Trikonasana – Inhale Step to The Right
The Trikonasanas are the second set of postures in the standing sequence, directly following Padangusthasana and Padahastasana. Stepping to the right, the practitioner establishes the foundation of this posture in the legs, pointing the right foot to the back of the mat and turning the left foot slightly in. The first posture, Utthita Trikonasana, or Extended Triangle Pose, is practiced open, with the right hand reaching down to take hold of the right big toe and the left hand extending straight out of the shoulder towards the sky. To do the other side, the practitioner need simply pivot the feet and switch direction. After Utthita Trikonasana, the sequence offers the balancing influence of Parivritta Trikonasana, Revolved Triangle Pose. Pivoting again to point the right toes towards the back of the mat, this time squaring the hips, the practitioner brings the left hand to the outside of the right foot. The right arm raises out of the shoulder towards the sky, as the practitioner twists through the center to open the chest to the right. In both postures, the gaze is upward, towards the fingers of the extended hand.
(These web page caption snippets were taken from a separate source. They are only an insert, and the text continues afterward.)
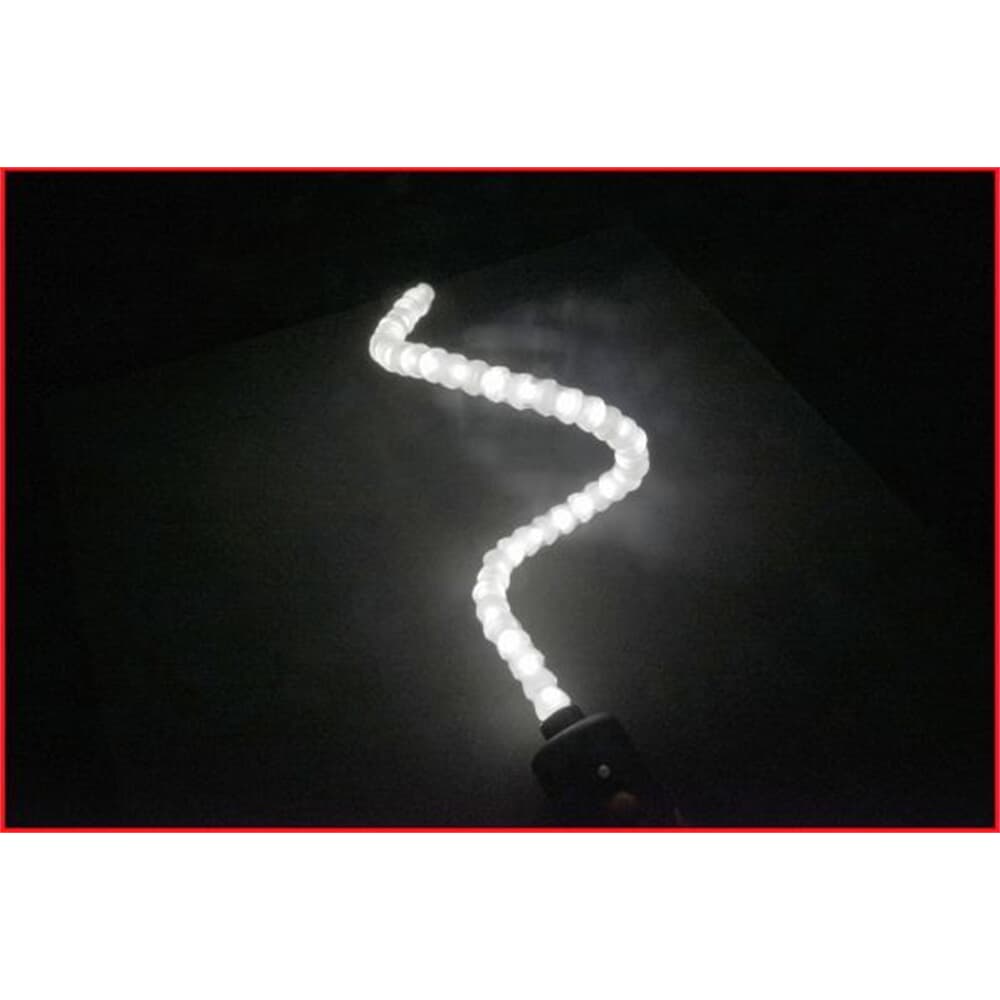 LED Arbeitsleuchte Keychain Light Taschenlampe: 8 in 1 Multifunktionales  Tragbares Wiederaufladbares Notlicht, Werkstattlampe, Drachekind Notlicht  für Camping Reparatur Notfall - LED Arbeitsleuchte : : Auto &  Motorrad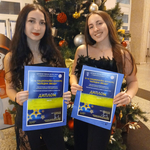 Две певици от вокално студио „Палитра“ - сред финалистите на националния конкурс "Коледна звезда"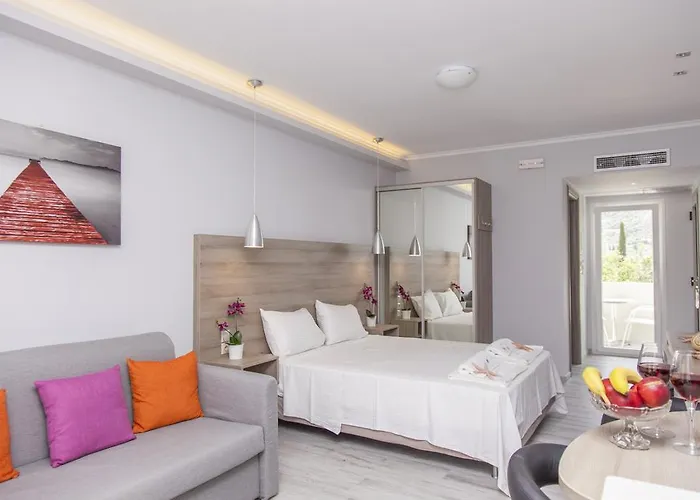 Apart Otel Aggelos & Deluxe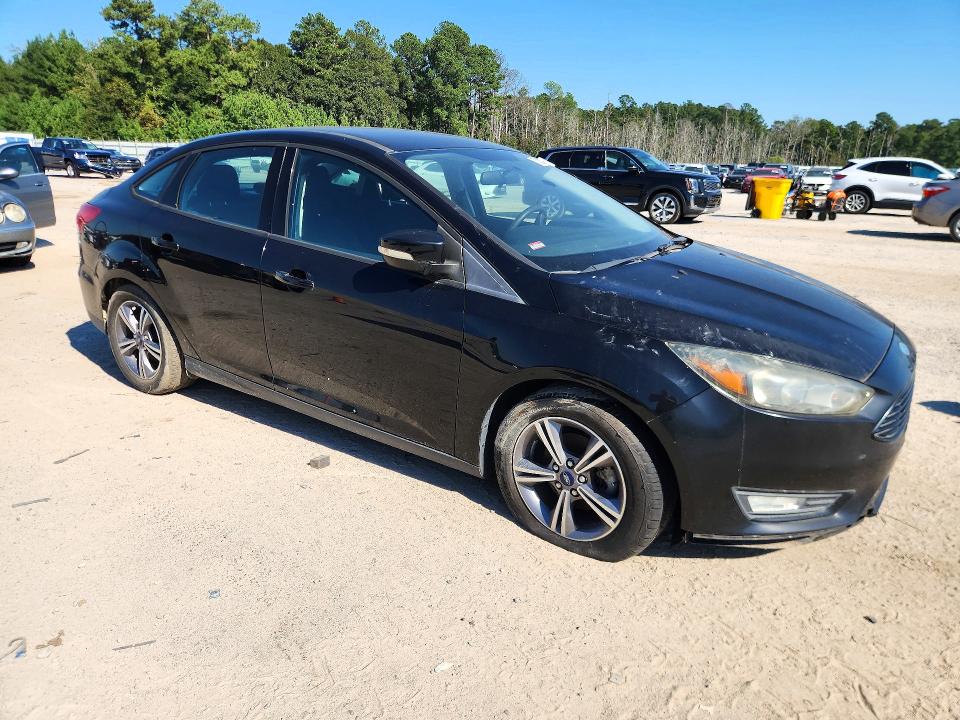 73032716 :رقم المزاد ، 1FADP3FEXHL256597 vin ، 2017 Ford Focus مزاد بيع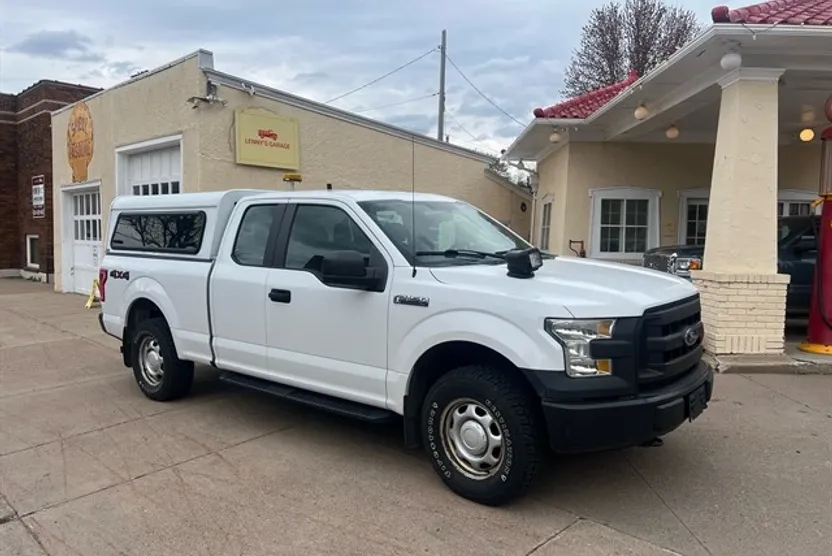 2016 Ford F-150 XL photo 1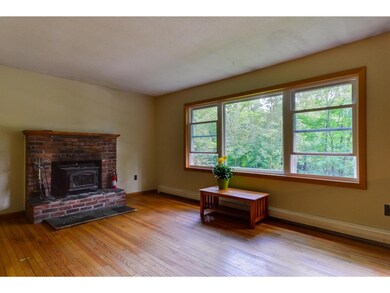 914 Dugway Rd, Richmond, VT 05477 - photo 4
The Psoas Major and The Illiacus Muscles
As counterposes of each other, the Trikonasanas offer a unique opportunity to become aware of the myriad ways the body can move, in particular in regards to the hips. These postures, when executed properly, actually work to systematically target the incredibly important illiopsoas muscle. Comprised of two parts, the illiacus and the psoas major, this muscle moves in tandem the bones of the lower back, pelvis and hip. We are constantly use this muscle unconsciously, in particular when standing and walking. Becoming consciously aware of the way it moves can greatly enliven our yoga practice. Practicing Utthita Trikonasana contracts the psoas major, while Parivritta Trikonasana contracts the iliacus, awakening both parts of this deep muscle. The subtle awareness these postures offer of these important connections provides vital knowledge for successfully deepening many postures to come.
The More You Breath The Stronger You Get
One of the biggest gifts these postures offer is an opportunity to establish a connection between body and breath. Turning focus towards opening the chest in Utthita Trikonasana while simultaneously building a deepening support system through the core, one begins to explore the patterns through which breath and strength support one another. It is not enough to simply collapse into this posture, grabbing the toe and considering the job done. Expansive inhales open the rib cage like a balloon, while exhales move through the core to pull the body strongly into the midline, increasingly creating a sensation that the pose is held between two evenly spaced pieces of glass.
Strength From The Core in Parivritta Trikonasana
Parivritta Trikonasana offers a similar opportunity. Moving into a twist, it would be easy to simply let the hips come into an angle and the chest collapse towards the floor. To keep the hips square while opening the chest, the practitioner needs to establish a sense of the belly, powered by the exhale, spinning the rib cage open from the center. The inhale then expands the chest, preventing collapse.
Of course, in both postures, this attention to strength and breath reveals the concentration required to execute these postures properly. Moving into these postures mindfully and with integrity helps establish a habit of intentional practice, perhaps the most important habit developed in these foundational asanas.